EDINBURGH, Scotland — Scotland needed a record score against Samoa to edge the Pacific island side 44-38 at a packed Murrayfield on Saturday.
The Scots, the overwhelming favorite, squandered a 32-10 lead with half an hour to go with poor defense around the rucks.
“We weren’t able to slow down their ball enough in the second half,” Gregor Townsend said after his first home match as coach. “We did that well in the first half, when we got a few turnovers to play off, but in the second half they were getting momentum.”
To the credit of Manu Samoa, in a week in which their oft-criticized administrators declared their union bankrupt, they never gave up. They didn’t threaten to win their first test this year, but they made Scotland extremely uncomfortable.

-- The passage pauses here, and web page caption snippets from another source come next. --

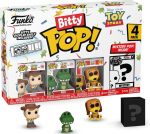 Figūrėlių rinkinys Funko Bitty POP! Žaislų istorija - Vudis, Žaislų istorija Vudis, &Scaron;unelis Reksas, 4 dalys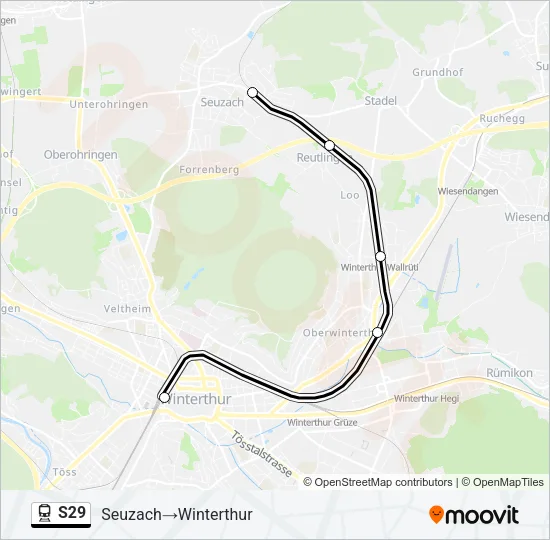S29 Train Line Map
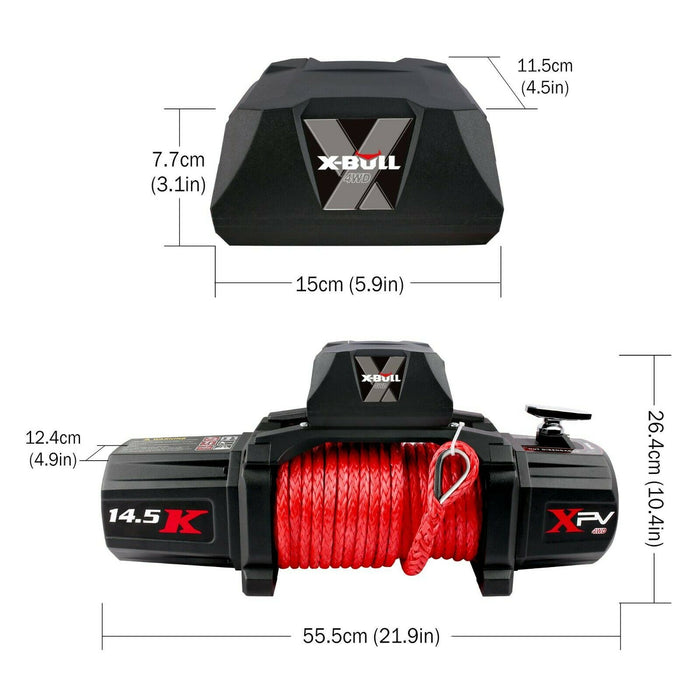 My Best Buy - X-BULL Electric Winch 12V Synthetic Rope Wireless 14500LB Remote 4X4 4WD Boat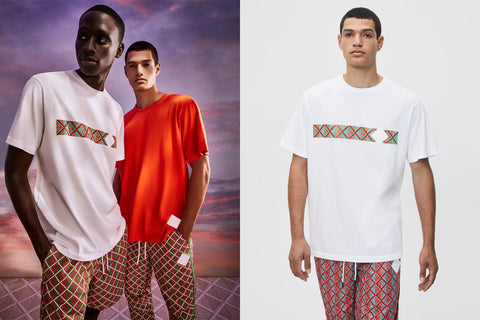 Concepts Almas Stripe Tee (Garnet/Orange/Teal)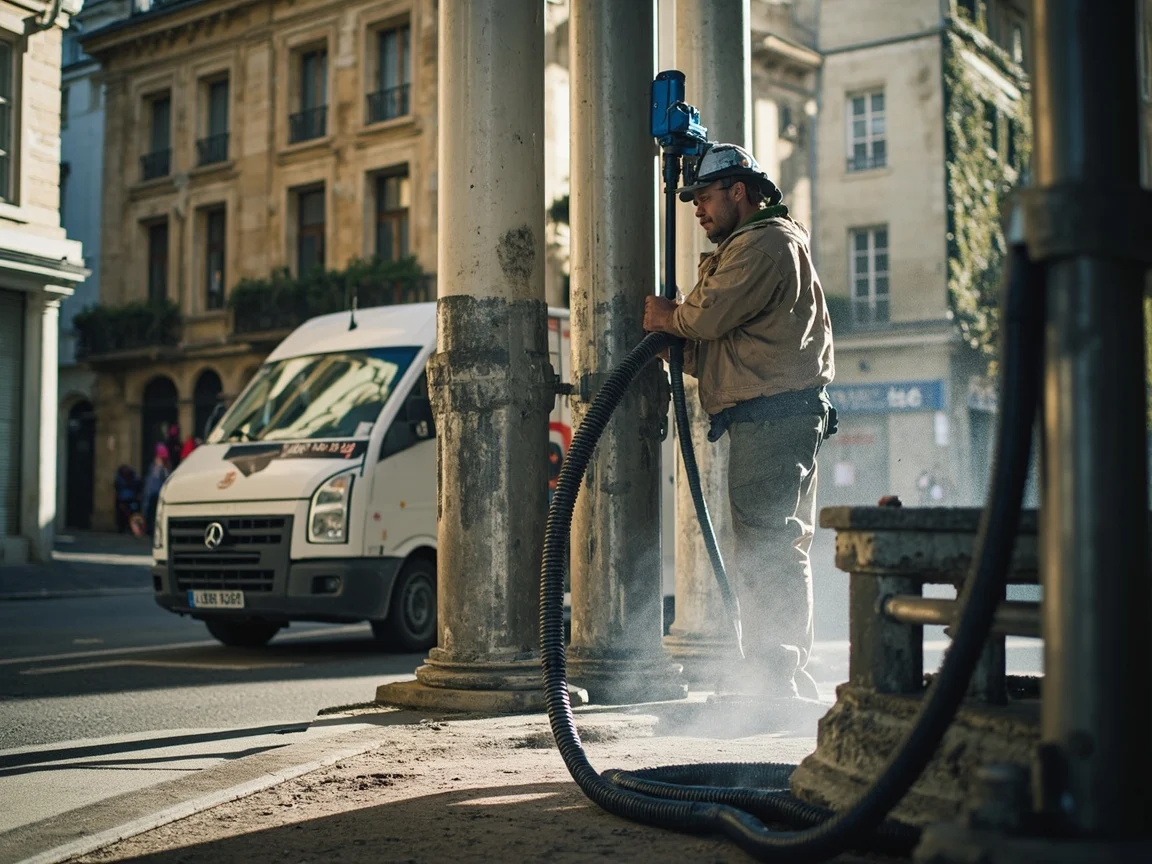 Curage Colonne immeuble &middot; image &agrave; la une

Scotland split its six tries evenly in each half, but just when each second-half try seemed to herald safety, the Samoans replied within three minutes each time with a try of their own. The Samoans finished with five, their highest score against Scotland, and their highest score anywhere in more than four years.
“I felt like even though the result didn’t go our way, it almost put us back on the map,” Samoa captain Chris Vui said. “We’re a really proud country and we’re here to play rugby.”
After hooker Stuart McInally’s second try from a rolling maul made it 32-10, Scotland appeared supreme. It wasn’t dominating possession or territory but using lineouts effectively, turning over ruck ball, and taking its chances in the 22. It had the confidence to debut three reserves, with starting prop Darryl Marfo.
But within three minutes, Scotland’s close-in defense was shown up again as Samoa flanker Piula Fa’asalele crossed after several pick-and-goes.
When Tim Nanai-Williams, usually a fullback but playing flyhalf for the first time like a veteran, angled off ruck ball and sped in, Samoa cut the gap to eight with less than a quarter to go.
When Alex Dunbar crashed over between two Samoans, Samoa hit straight back through counterpart Kieron Fonotia, and was only six behind.
When replacement Pete Horne finished a counterattack launched by fullback Stuart Hogg with six minutes left, Scotland looked safe once more. But Samoa hit back quickly again, replacement flanker Ofisa Treviranus running in untouched from a ruck with three minutes to go.
Nanai-Williams’ fifth conversion gave him a match tally of 18 points.
In the end, fulltime came as a relief for Scotland, even though it surpassed its previous highest score against Samoa, 38 in 2004 in Wellington.
Scotland began not only with home advantage and a sell-out crowd of 67,000 but also cohesion: Five Edinburgh players in the pack and an all-Glasgow backline. The knowledge showed in the first half. Scotland scored after only 94 seconds, when a Finn Russell grubber-kick was chipped on by wing Tommy Seymour and the ball bounced kindly for Hogg to pouch and score.
Samoa lock Josh Tyrell scored a try on debut between the posts from a quick-tap.
Then Scotland prop WP Nel walked off with a suspected broken forearm, and his teammates finished the half in a rush. Hogg set up center Huw Jones to score in the left corner, and McInally scored in injury time from a lineout drive.
It all looked promising for Scotland. But the defense withered.